This past September, we covered Moog’s oldest-valve contest, in which manufacturers submitted pictures of their oldest operating valves with the corresponding model number to find the valve with the most impressive service life. The contest was in celebration of Moog’s 50th anniversary of operations in Europe.
And the winner is… Doug Bitner, manager for the University of Saskatchewan's College of Engineering Fluid Power Lab, who submitted photos of lab equipment running with a Moog 21 Series servo valve manufactured in 1963.
"I knew we had a lot of Moog valves in the lab, so I thought I had a chance," said Bitner about entering the contest. "But it really surprised me to learn we had won." He added that the valve was still in operation after 1 million cycles of endurance testing for agricultural equipment frames at high pressure.
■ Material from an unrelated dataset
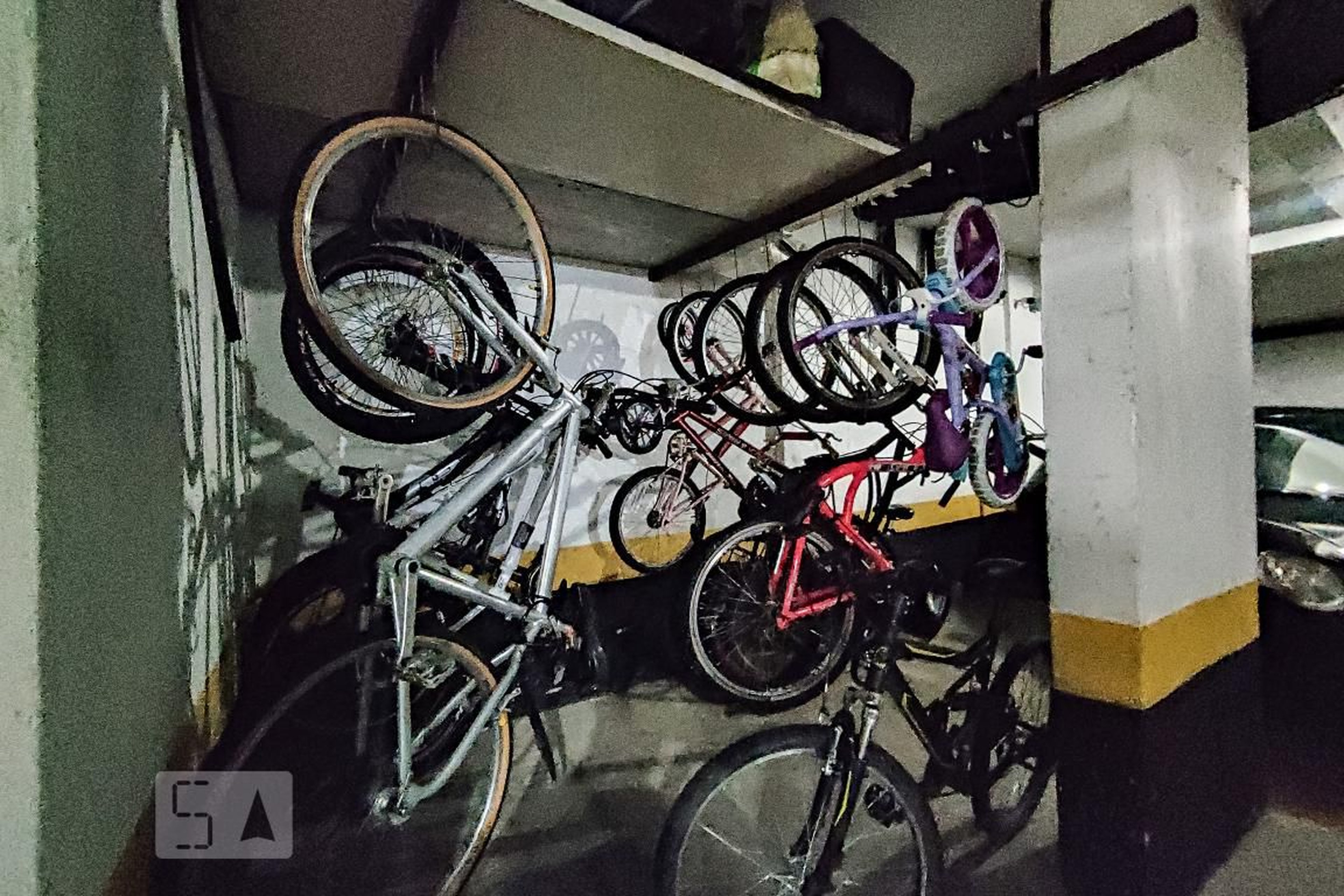 Bicicletário - Edifício Maison du Montparnasse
"Congratulations to Mr. Bitner for finding the oldest operating Moog servo valve; we've always spoken about our valves' reliability, and Mr. Bitner proved it," said Ari Almqvist, Group Vice President and General Manager, Industrial Services, Moog Inc. "Our valves also have a long history running in tough environments like steel production, gas turbines, and industrial machinery."
The second place winner is Walter Andreas from IABG, an analysis and testing company in Germany, with a 22-Series Moog valve manufactured in 1966. It is being used to run test applications.
John Shannon of TATA Steel's CPP Trostre Works in the U.K. and Tom Gecse of U.S. Steel in Canada share third place. Their 60-series servo valves, manufactured in 1969, are both applied in mills, one for a steering rod and the other for a tension leveller, respectively.
Some of the award-winners have indicated donating their 500-USD Amazon-voucher prizes to charity.
In 1951, William C. Moog, Jr., developed the first commercially viable servo valve. Servo valves transform a digital or analog signal into a hydraulic output such as flow or pressure.